[TASK INSTRUCTIONS]
Copy only the lines from the one with "屏幕截图 软件窗口截图 790_830 gif 动态图 动图" through the end of the records, exactly as they stand. No pictures belong in the copy.

*** Opening WORKING DATA ***

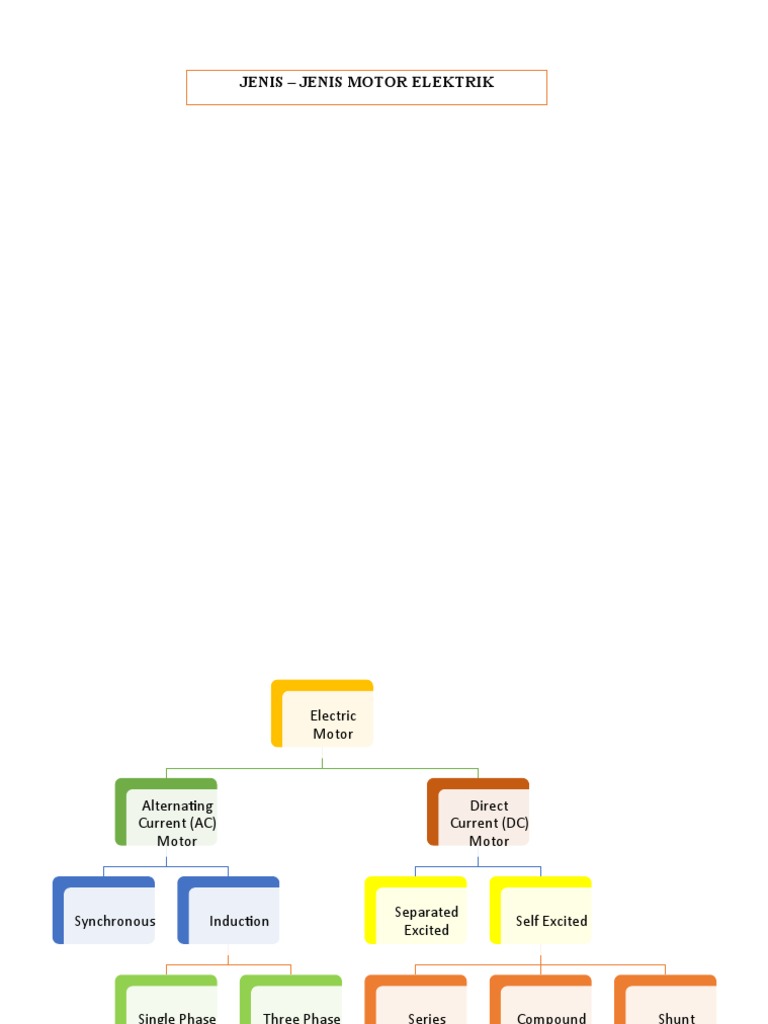 Classification of Electric Motor | PDF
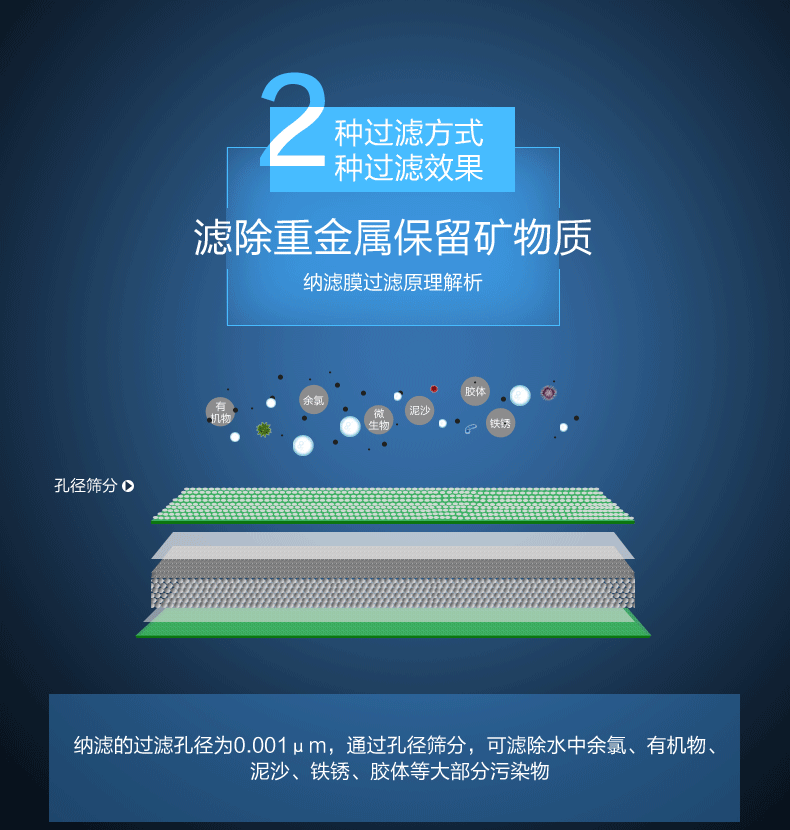 屏幕截图 软件窗口截图 790_830 gif 动态图 动图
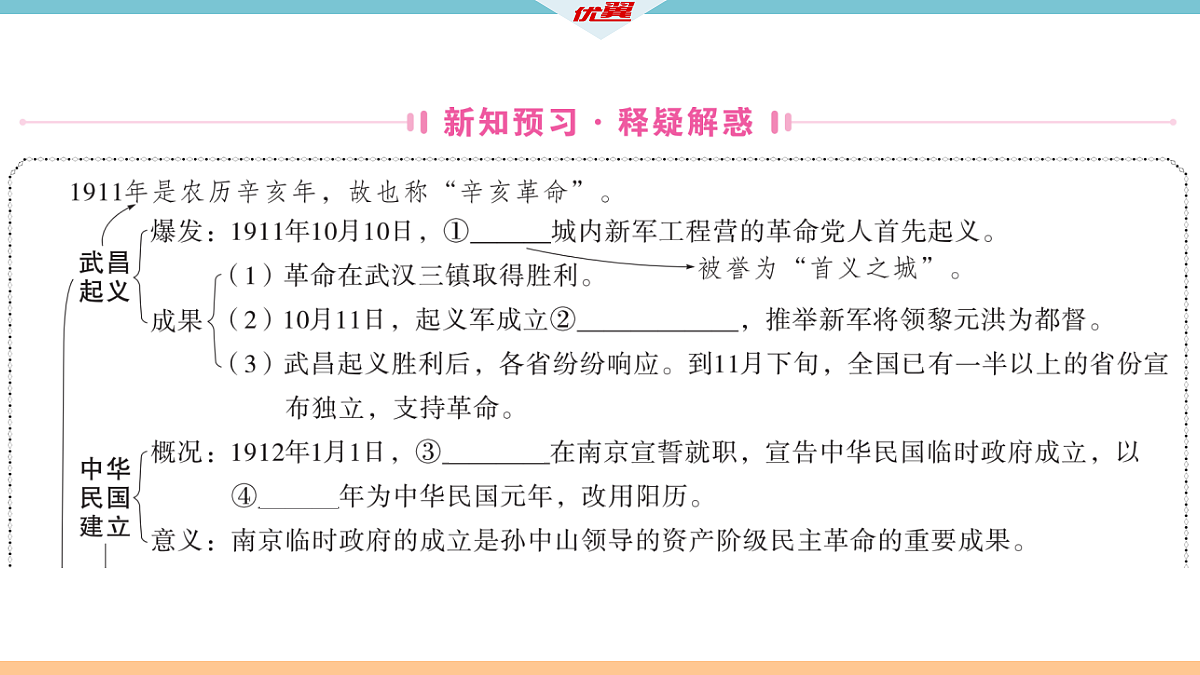 17360422第2页
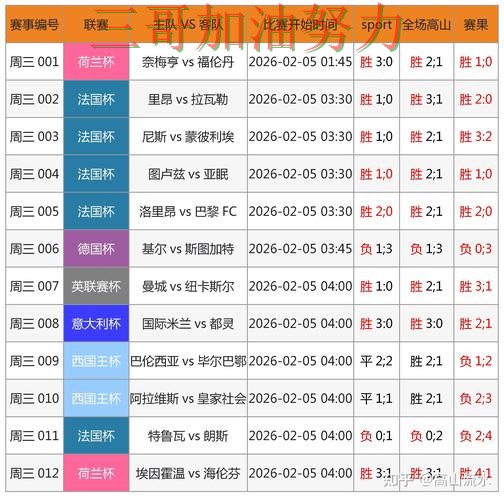 世界杯竞猜全面评测总结：怎么选关键点解析（世界杯官方信息）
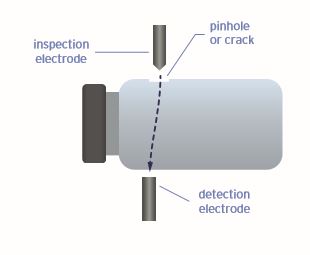 HVLD for vial leak testing 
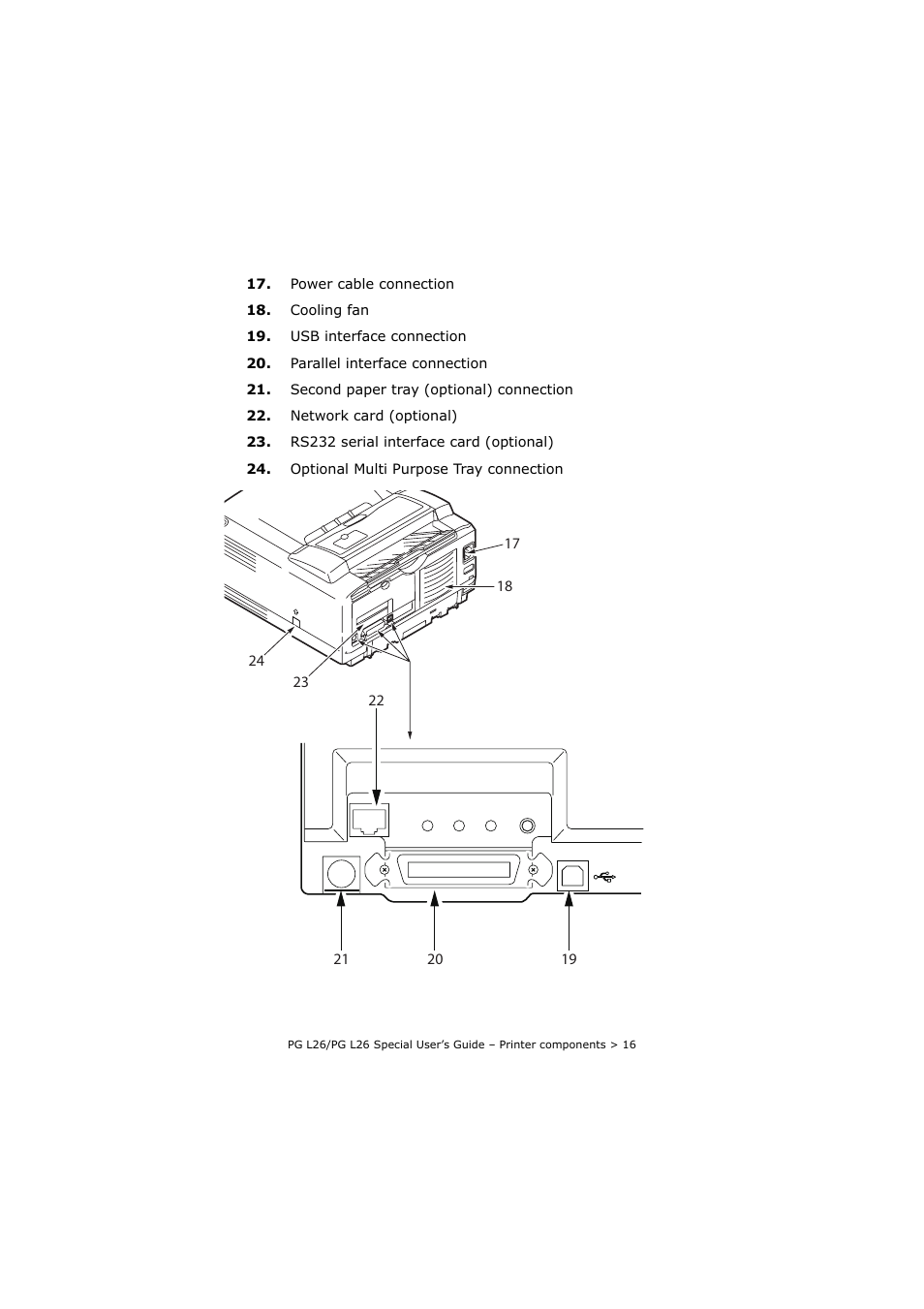Olivetti PG L26 Special User Manual | Page 16 / 93
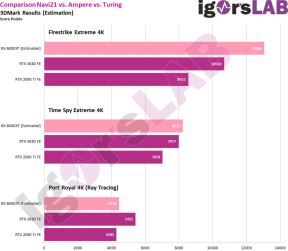 amd radeon rx 6800 xt nvidia rtx 3080 3090 cena graficke karte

*** Closing WORKING DATA ***

[YOUR RESPONSE]
 屏幕截图 软件窗口截图 790_830 gif 动态图 动图
 17360422第2页
 世界杯竞猜全面评测总结：怎么选关键点解析（世界杯官方信息）
 HVLD for vial leak testing 
Olivetti PG L26 Special User Manual | Page 16 / 93
 amd radeon rx 6800 xt nvidia rtx 3080 3090 cena graficke karte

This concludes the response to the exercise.